On newsstands throughout the city
Mud Island’s Time Will Come Once Economic Fog Lifts
The Memphis News
Everything you need to know about the worth of Mud Island can be found in how children react to the river park. They don’t care about attendance numbers or demographics or mission statements.
If they don’t see a lot of other people around, they’re likely to regard that as a good thing – more for them in the way of fun.
They tell friends of their journey to what is probably an unknown spot to them, adding a sense of mystery.
With some setting of realistic priorities and a lifting of the worst recession since the Great Depression, Mud Island can blossom in a way it was meant to when it was built nearly 30 ago.
To that end, we make the following suggestions:
- A new northern gate for the park. With it there should be a link to the nearby Mississippi Greenbelt Park. But creating new fill to create more greenbelt is probably politically unrealistic given its considerable expense. A new north entrance for cars, people on foot and, yes, bicycles, doesn’t have to change the park’s western edge. Greenbelt park patrons can be relied on to make their own use without a path being available for every possible footstep they might want to take in the river park.
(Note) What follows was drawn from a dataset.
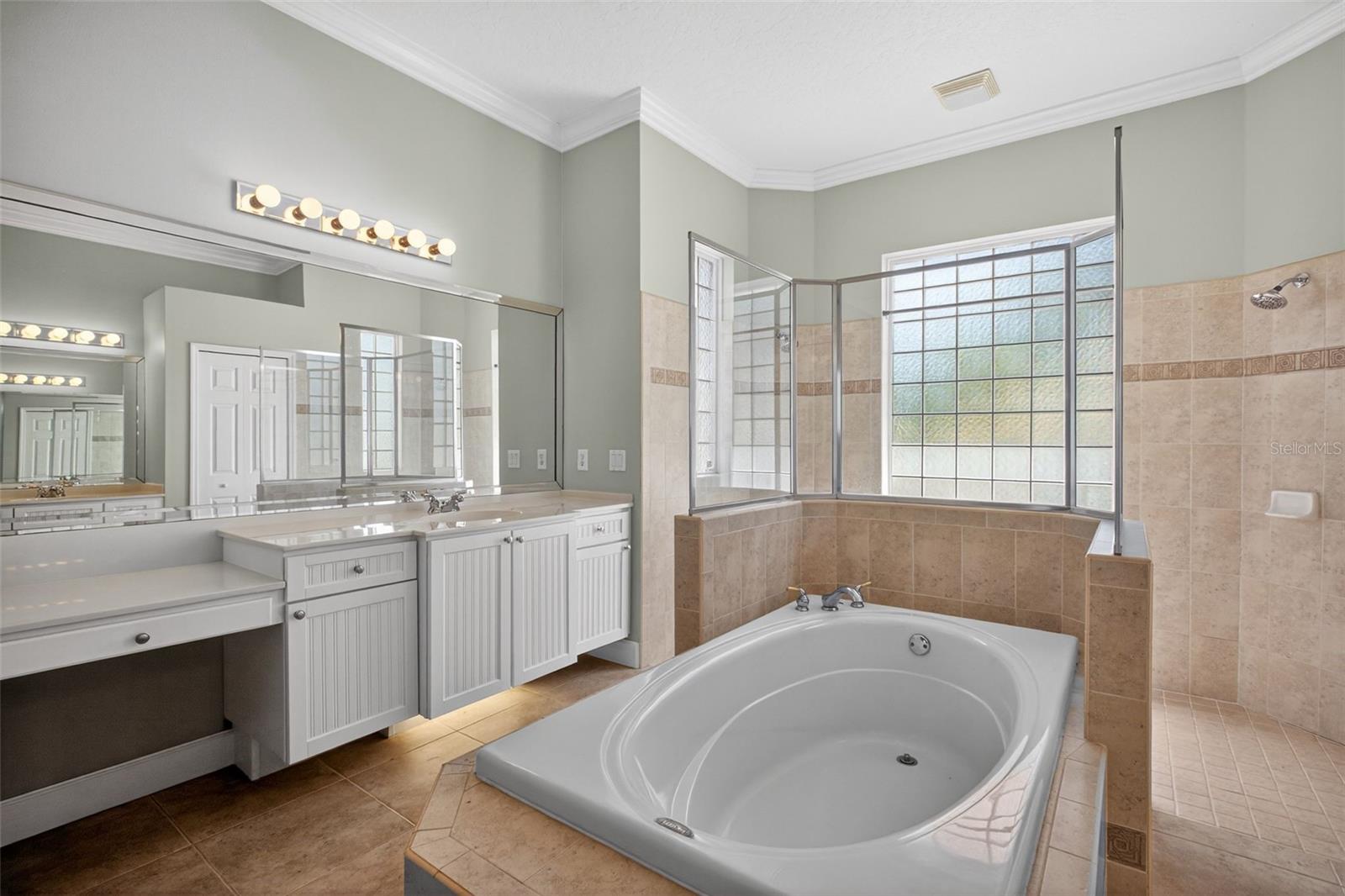 650 HIGH POINT CT, MERRITT ISLAND, FL, 32952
- Better and more active use of the southern tip of the island. Start with the Gulf of Mexico. Keep the paddleboats and add some splash park features to address the irresistible lure of the water. Maybe even make part of the Gulf a swimming pool since going “all pool” presents some real problems. Without blocking the extraordinary view of the city’s skyline, add the Grand Carousel from the Mid-South Fairgrounds if that property’s renovation plan doesn’t add it to the Children’s Museum first. Get the Gulf restaurant up and running as something other than a snack bar, but not the ultimate formal dining experience that is probably the turf of the River Terrace restaurant. If there are to be water taxis across the harbor from Beale Street Landing, they should arrive on the lower parcel of greenspace that is the actual southern tip of Mud Island.
- A concrete skate park with a bold, original and challenging design near the new northern gate and the current parking area. Done right, a skate park here could serve to entice visitors to regard the park as a place that is as active as it can be contemplative. The level of activity in a skate park seems a bit much for a southern tip that includes a water park feature and a carousel. It might also distract from a parcel of land that changes as the river does and offers the promise of a place to consider life as well as the river.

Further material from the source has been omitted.